By Brad Foster
There will be gaol time for the individuals involved in the alleged $40 million fraud of NAB – an ex-staffer and an external event supplier – but what lessons are there so that it won’t happen again?
Some wonder why companies put out tenders for events until something like this happens.
In 2018 police conducted raids at the North Shore office of event management company, Human Group, an accountant’s office, and the residence of the Human Group director, Helen Rosamond, following tip-offs from a whistleblower within NAB.
It is alleged that Human Group submitted inflated invoices to the bank for more than a decade that were approved by somebody working within NAB.
That individual is alleged to have been Rosemary Rogers, the now ex chief of staff of the ex CEO of NAB, Andrew Thorburn. She flew to Sydney in March to meet detectives and was charged with dishonestly obtaining a financial advantage by deception and 56 counts of corruptly receiving a benefit.
As well as allegedly approving the inflated invoices, it is claimed Rogers received kick-backs from the Human Group in the millions of dollars.
As one experienced business event practitioner tells micenet, this is a classic case where a company has forgotten the basic checks and balances within their organisation.
“I am sure there must be procurement rules throughout NAB that staff have to follow in regard to approvals and quotes,” the practitioner said.
“It would be interesting to know if these existed at the top of NAB. They certainly don’t seem to have been followed.
“You should always get competitive tenders on a regular basis however much you may trust a supplier.
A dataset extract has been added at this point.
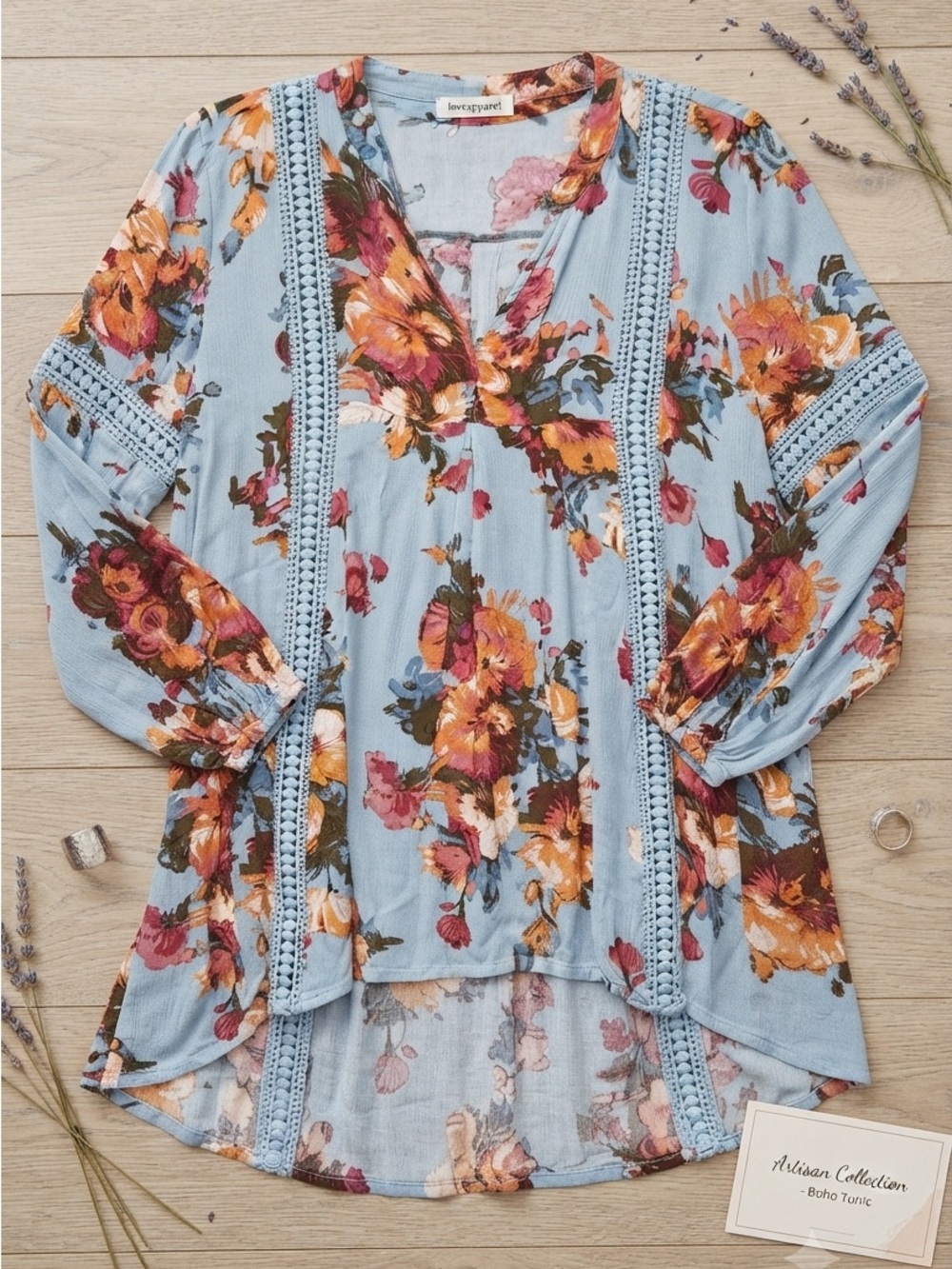 Blu Pepper Light Blue Floral Crochet-Trim Tunic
It is the best way to keep them honest.”
And, we imagine, tendering every three or so years, would also ensure that prices quoted by incumbents are grounded in reality through simple comparison with others.
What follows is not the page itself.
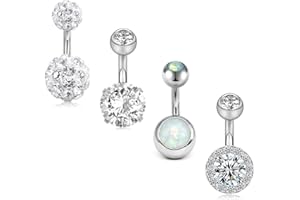FECTAS Pack of 4 Belly Button Ring Set Stainless Steel 14 Gauge Navel Barbell 6mm Short Bars Piercing Jewellery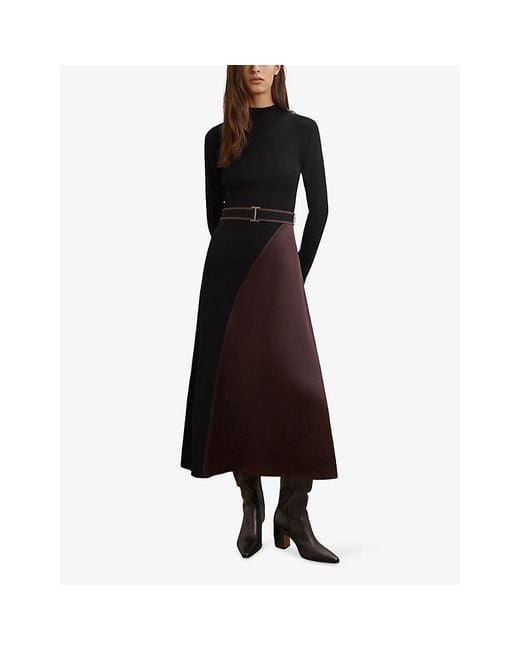 Reiss Black Misty Belted-Waist Knitted Midi Dress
Our BE practitioner stresses the importance of seeing original third party supplier invoices and ensuring that there are more than one level of checks and balances in place.
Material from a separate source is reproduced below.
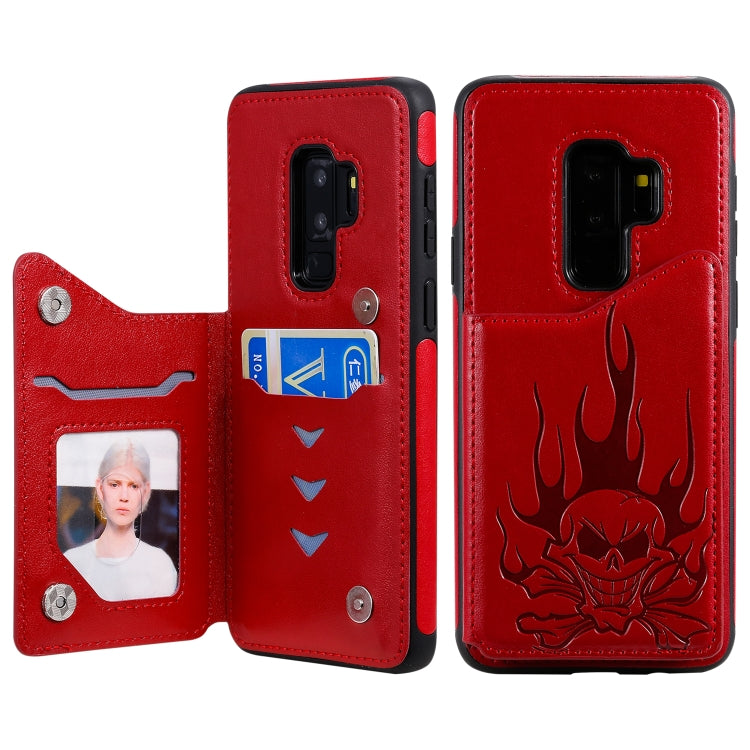 Skull Embossed PU Leather Wallet Case with Card Slots for Samsung Galaxy S9+ S10 S10+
This latest NAB case reminds micenet of the sentencing and conviction of Susan Mary Riley in 2009 who defrauded Tourism Whitsundays of almost $360,000 when she was the financial controller of that organisation.
Riley reportedly used money she stole from Tourism Whitsundays for a gambling addiction until the organisation was independently audited and her deception was discovered.
The money she stole was, at the time, equivalent to almost 25 per cent of Tourism Whitsundays’ annual income and resulted in four people being made redundant and the organisation on the brink of collapse.
Following the discovery of Riley’s deception the then Tourism Whitsundays CEO put new policies in place to ensure a similar occurrence could never happen again.
Riley was sentenced to six-and-half years in prison.